Tight Clusters Of Data Points example essay topic

2,915 words
Crime Hotspot Analysis using CrimeStat Grant Bhay Introduction: The concept of Geographical Information Systems and profiling is not new to the area of Community Policing. Mechanical methods of point pattern analysis and data separation have been benefiting society ever since Dr. Snow's landmark discovery of the tainted well (Waters 1995). The analysis of spatial and temporal data has been critical to the successes of many criminal investigations. Buzzwords such as "geographic, criminal and psychological profiling" have rejuvenated an interest in analytical geography and the advances in computer technology have given geographers a medium in which to express the capabilities of their science (Waters, 1999, Rossmo, K., http tp: // web).

Criminal Geographic Targeting is an example of the practical application of academic research", concludes Rossmo", and is finally putting geographers on the map. (Rossmo, 1997). The purpose of this paper is to explore the spatial statistics program for the analysis of crime incident locations. CrimeStat, which has been developed by Ned Levine, Ph. D., and Associates, under a grant from the National Institute of Justice. In particular the "hotspot analysis" module, which include the K-means clustering, nearest neighbor hierarchical spatial clustering and Local Moran statistics will be examined for their functionality, ease of navigation and interpret ability of results. The K-Means analysis will be employed to make the determination of whether the distribution of data points display a clustered pattern or one of complete spatial randomness.

One would expect the "hotspot" aspect of the module to highlight areas of high concentration that may not be apparent on maps that simply plot crime locations. It is in this area of "hotspot" identification and analysis that this paper will focus Literature Review: A hot spot has been defined as a condition indicating some form of clustering in a spatial distribution. However, not all clusters are hot spots because the environments that help generate crime, the places where people live, also tend to be in clusters. So any definition of hot spots has to be qualified. Sherman (1995) defined hot spots "as small places in which the occurrence of crime is so frequent that it is highly predictable, at least over a 1-year period". According to Sherman, crime and location are approximately six times more concentrated than it is among individuals.

Therefore the locational aspect is extremely important. However, there seems to be confusion surrounding the hot spot issue, especially when it comes to defining the difference between spaces and places. Block and Block (1995) pointed out that a place could be a point, such as an apartment building, or an area, such as a census tract. However, buildings are generally considered places, and census tracts as spaces. Concentrations of criminal activity locations may be easily identified on a relatively simple point-map of crime locations, however, this becomes problematic when multiple crimes that occur at a single address are displayed by a by a single point on a pin map (Sadler 1998). So there seems to be some academic debate as to an explicit definition of hot spot except for programs with procedures that self-define hot spots, such as, CrimeStat.
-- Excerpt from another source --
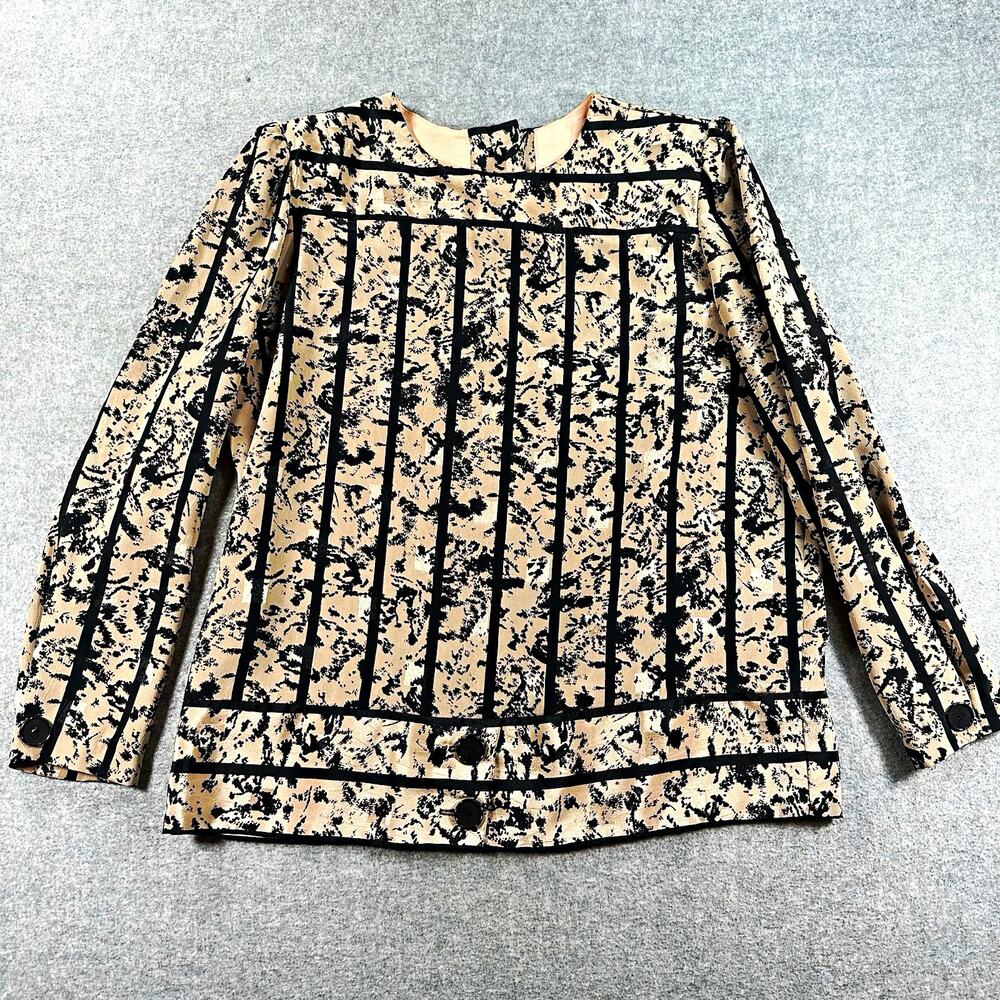 Laciny Carol Petites Gold Black Shimmery Lined Button Accents M/L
Hot spots are specific to their local conditions. In Baltimore County, Maryland, for example, hot spots are identified according to three criteria: frequency, geography, and time. At least two crimes of the same type must be present. The area and the timeframe is small a 1- to 2-week period. Hot spots are generally monitored by crime analysts until they become inactive (Canter, 1997). Although the definition may be elusive, common sense and objective analysis should clearly define hotspots.

Data Acquisition and Manipulation: The analysis will be performed on crime data, originally retrieved from Tetrad Computer Applications Inc. Crime Analysis internet site, (http: // . tetrad. com / new /crime. html#Profile) and was published in the Vancouver Sun, September 16, 1995. The data was in a graphical map format that displayed the locations and modus operandi for unsolved murders in Vancouver spanning twenty four years from 1970 to 1994, figure 1. Figure 1. Unsolved Murders 1970-1994 The defined study area is immediately South of Stanley Park in Vancouver and the original data consists of 135 crime locations.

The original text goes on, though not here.